United Kingdom (HMRC)

HMRC treats crypto derivatives trading as follows:

  • For occasional traders, gains may fall under Capital Gains Tax with the annual exempt amount
  • For frequent traders, HMRC may classify your activity as trading income, subject to Income Tax - which can mean a higher rate but also allows loss deductions against other income
  • Funding payments are generally treated as trading income or expense

General Principles (Other Jurisdictions)

  • Australia (ATO): Crypto trading profits are generally subject to Capital Gains Tax; active traders may be classified as carrying on a business
  • Canada (CRA): Typically treated as business income or capital gains depending on frequency and intent
  • EU (varies by country): Most EU nations tax crypto gains; rates and classifications differ significantly between member states
The classification of your trading activity - investor vs trader - can dramatically affect your tax rate and deduction eligibility. If you trade frequently on Hyperliquid, you may be classified as a trader rather than an investor, which changes how your gains are taxed. Discuss this distinction with your tax professional.

Hyperliquid-Specific Tax Considerations

Several aspects of Hyperliquid's design create unique tax situations you need to be aware of.

USDC Settlement

All Hyperliquid perpetual trades are settled in USDC. Since USDC is pegged to the US dollar, this simplifies tax calculations compared to exchanges that settle in volatile tokens. Your realized PnL in USDC is effectively your PnL in dollar terms - no additional currency conversion step is needed.

However, note that USDC itself can technically deviate from its $1 peg (as happened briefly in March 2023). If you deposited or withdrew USDC during a de-peg event, the actual dollar value may differ from the USDC amount.

Cross-Margin PnL Tracking

If you use cross margin, your PnL from multiple positions is interconnected. A gain on one position can offset margin requirements for another, and a liquidation in cross mode can affect your entire account. For tax purposes, each position close is still a separate taxable event - you cannot net them together unless you are reporting aggregate trading income.

Funding Rate Income

Hyperliquid charges funding every hour - that is 8,760 potential funding events per year per open position. If you held positions for extended periods, you may have thousands of funding micro-transactions to report. This is where tax software becomes essential, as manually tracking hourly funding payments is impractical.

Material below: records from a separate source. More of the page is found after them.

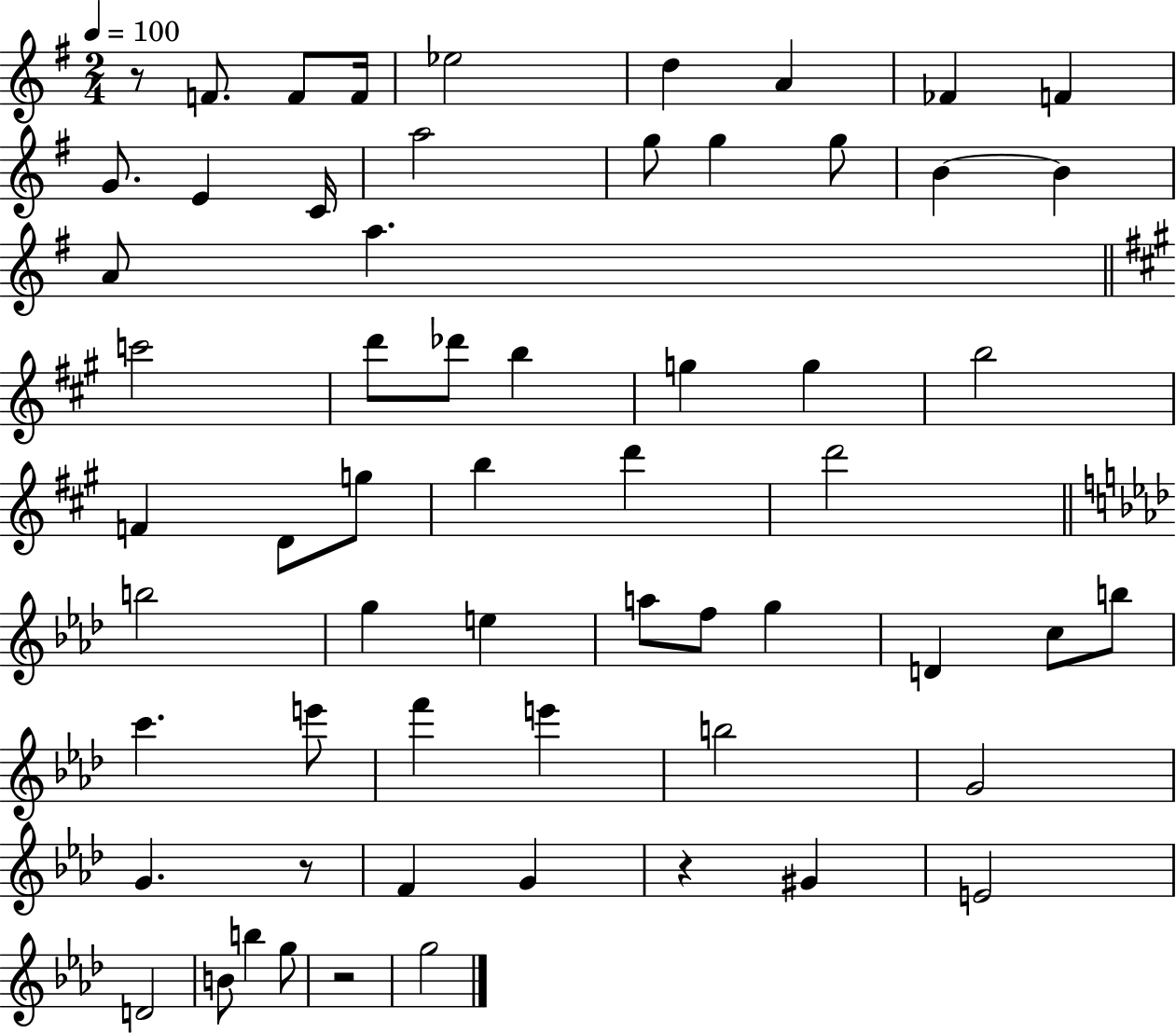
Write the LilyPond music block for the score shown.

{
  \clef treble
  \numericTimeSignature
  \time 2/4
  \key g \major
  \tempo 4 = 100
  r8 f'8. f'8 f'16 | ees''2 | d''4 a'4 | fes'4 f'4 | \break g'8. e'4 c'16 | a''2 | g''8 g''4 g''8 | b'4~~ b'4 | \break a'8 a''4. | \bar "||" \break \key a \major c'''2 | d'''8 des'''8 b''4 | g''4 g''4 | b''2 | \break f'4 d'8 g''8 | b''4 d'''4 | d'''2 | \bar "||" \break \key aes \major b''2 | g''4 e''4 | a''8 f''8 g''4 | d'4 c''8 b''8 | \break c'''4. e'''8 | f'''4 e'''4 | b''2 | g'2 | \break g'4. r8 | f'4 g'4 | r4 gis'4 | e'2 | \break d'2 | b'8 b''4 g''8 | r2 | g''2 | \break \bar "|."
}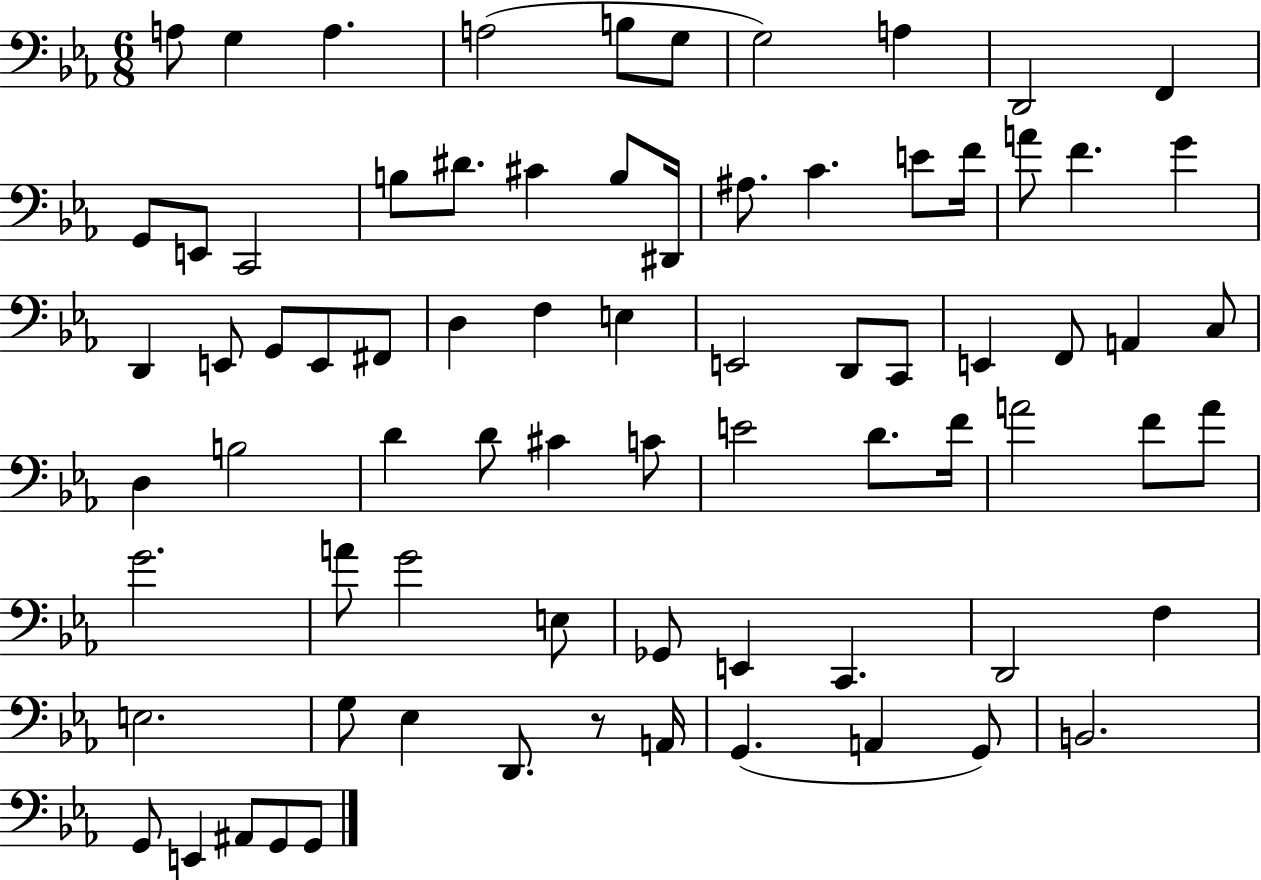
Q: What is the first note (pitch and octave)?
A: A3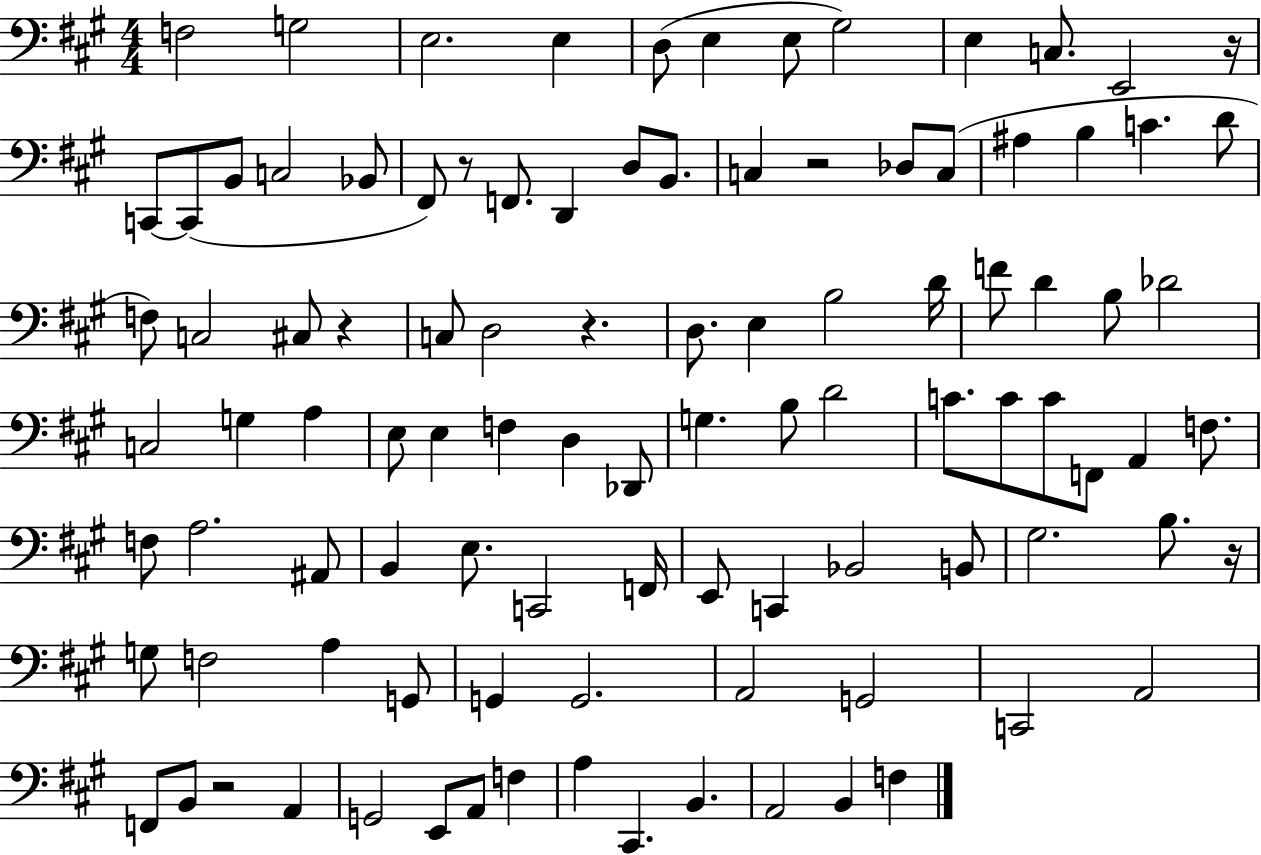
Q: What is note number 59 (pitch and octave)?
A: F3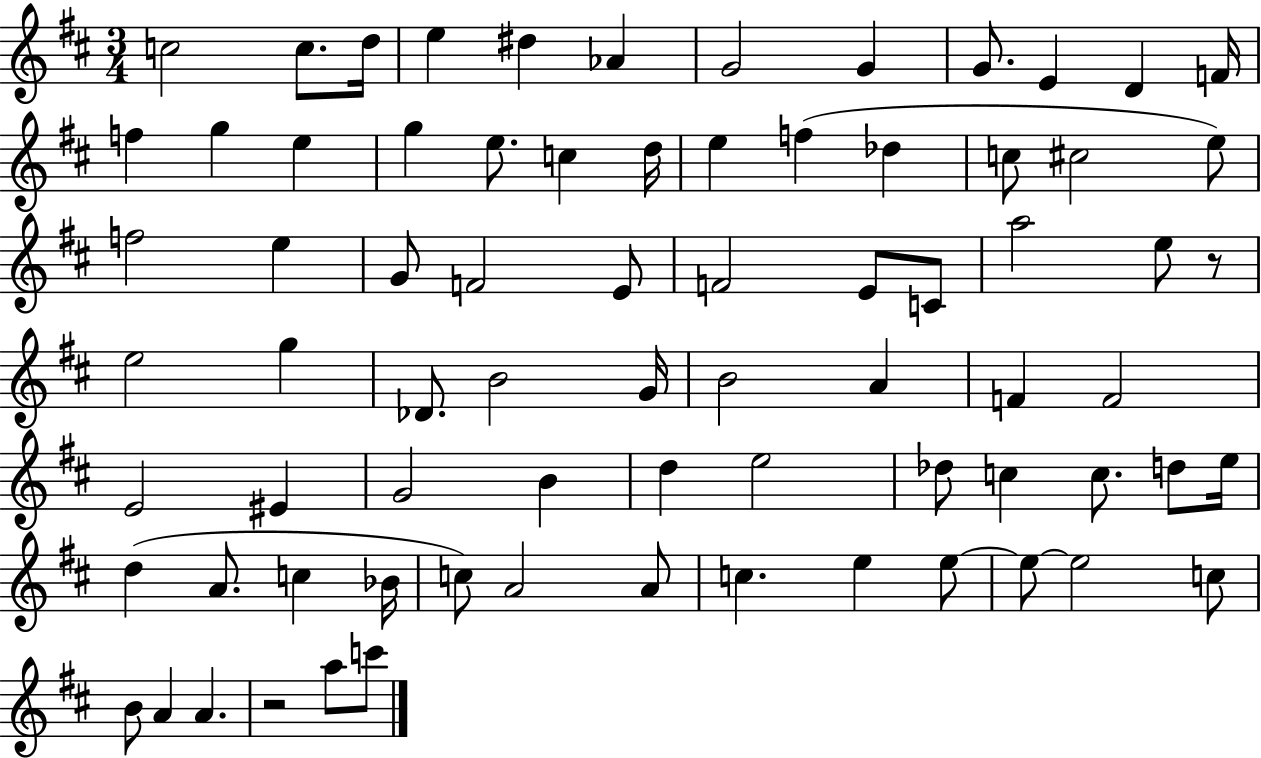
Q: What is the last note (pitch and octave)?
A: C6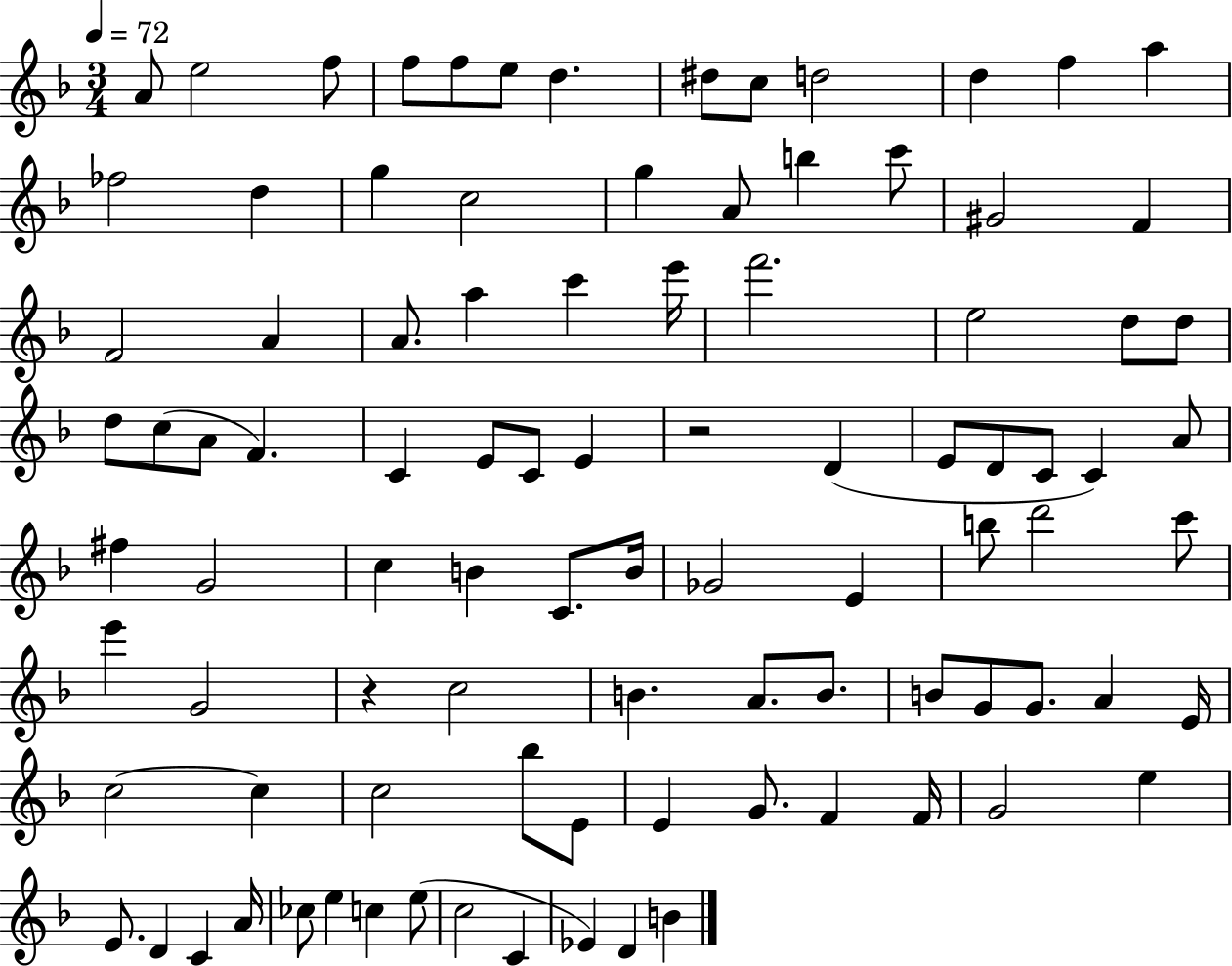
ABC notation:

X:1
T:Untitled
M:3/4
L:1/4
K:F
A/2 e2 f/2 f/2 f/2 e/2 d ^d/2 c/2 d2 d f a _f2 d g c2 g A/2 b c'/2 ^G2 F F2 A A/2 a c' e'/4 f'2 e2 d/2 d/2 d/2 c/2 A/2 F C E/2 C/2 E z2 D E/2 D/2 C/2 C A/2 ^f G2 c B C/2 B/4 _G2 E b/2 d'2 c'/2 e' G2 z c2 B A/2 B/2 B/2 G/2 G/2 A E/4 c2 c c2 _b/2 E/2 E G/2 F F/4 G2 e E/2 D C A/4 _c/2 e c e/2 c2 C _E D B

Your total net funding received is ordinary income. Total net funding paid may be deductible depending on your jurisdiction. The Hyperliquid API's userFunding endpoint provides the complete record.

HYPE Token Airdrop

If you received HYPE tokens through the Hyperliquid airdrop, this is a taxable event in most jurisdictions. The key points:

  • At receipt: The fair market value of HYPE at the time you received it is taxable as ordinary income. If HYPE was trading at $25 when you received 1,000 tokens, you have $25,000 in ordinary income to report.
  • At sale: When you sell or trade your HYPE tokens, any difference between the sale price and your cost basis (the value at receipt) is a capital gain or loss.
  • Staking rewards: If you stake HYPE and receive additional rewards, those rewards are also taxable as ordinary income at receipt.

Warning

The HYPE airdrop created significant tax liabilities for many recipients. If you received a large airdrop and did not set aside funds for taxes, plan accordingly. Some traders sell a portion of airdropped tokens immediately to cover the estimated tax bill - a prudent strategy regardless of your price outlook.

HIP-3 and Builder Market Trades

Trades on HIP-3 builder markets (such as equity or commodity perpetuals) follow the same tax principles as native Hyperliquid perps. However, if you trade equity perpetuals like NVDA or TSLA, be aware that some jurisdictions may apply different tax rules to equity derivatives versus crypto derivatives. The fee structure on builder markets also differs (0.09% taker / 0.03% maker), which affects your net realized PnL.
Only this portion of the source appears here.